=== PROBLEM STATEMENT ===
Write the listing out again word for word, excluding any pictures.

=== GIVEN MATERIAL ===
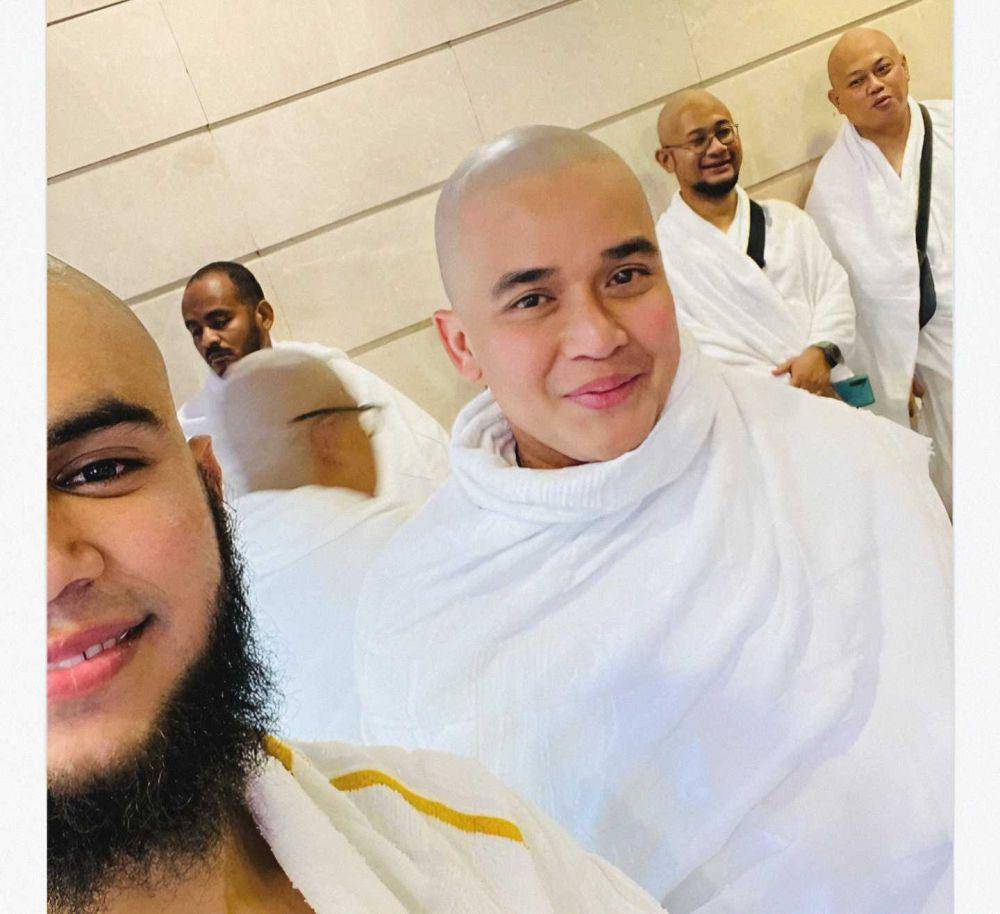 Billy Syahputra umrah. (Instagram.com/bilsky16)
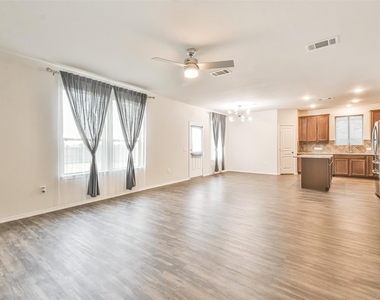 5047 Royal Amber Lane - Photo Thumbnail 17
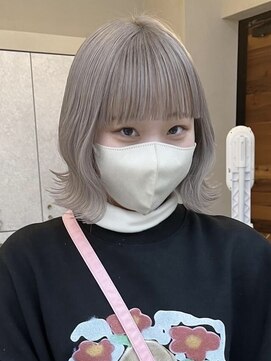 アム(am) 大人シアーベージュミニウルフボブミディアムレイヤー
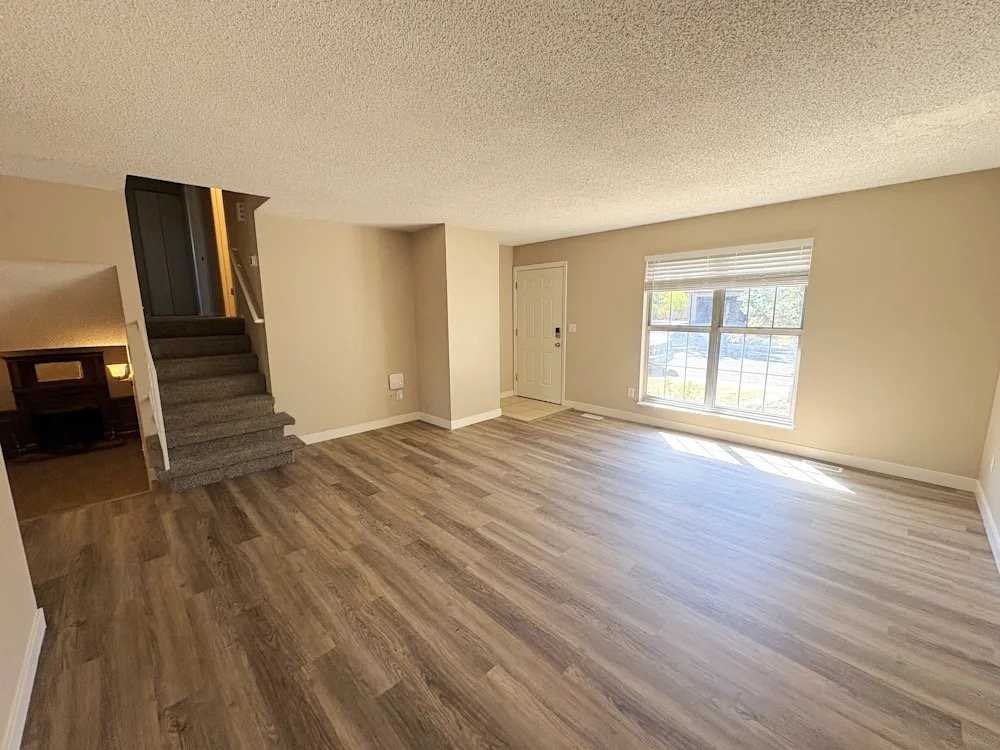 8915 W 92nd Ave - Photo 5 of 9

=== SOLUTION TO THE EXERCISE ===
 Billy Syahputra umrah. (Instagram.com/bilsky16)
 5047 Royal Amber Lane - Photo Thumbnail 17
 アム(am) 大人シアーベージュミニウルフボブミディアムレイヤー
 8915 W 92nd Ave - Photo 5 of 9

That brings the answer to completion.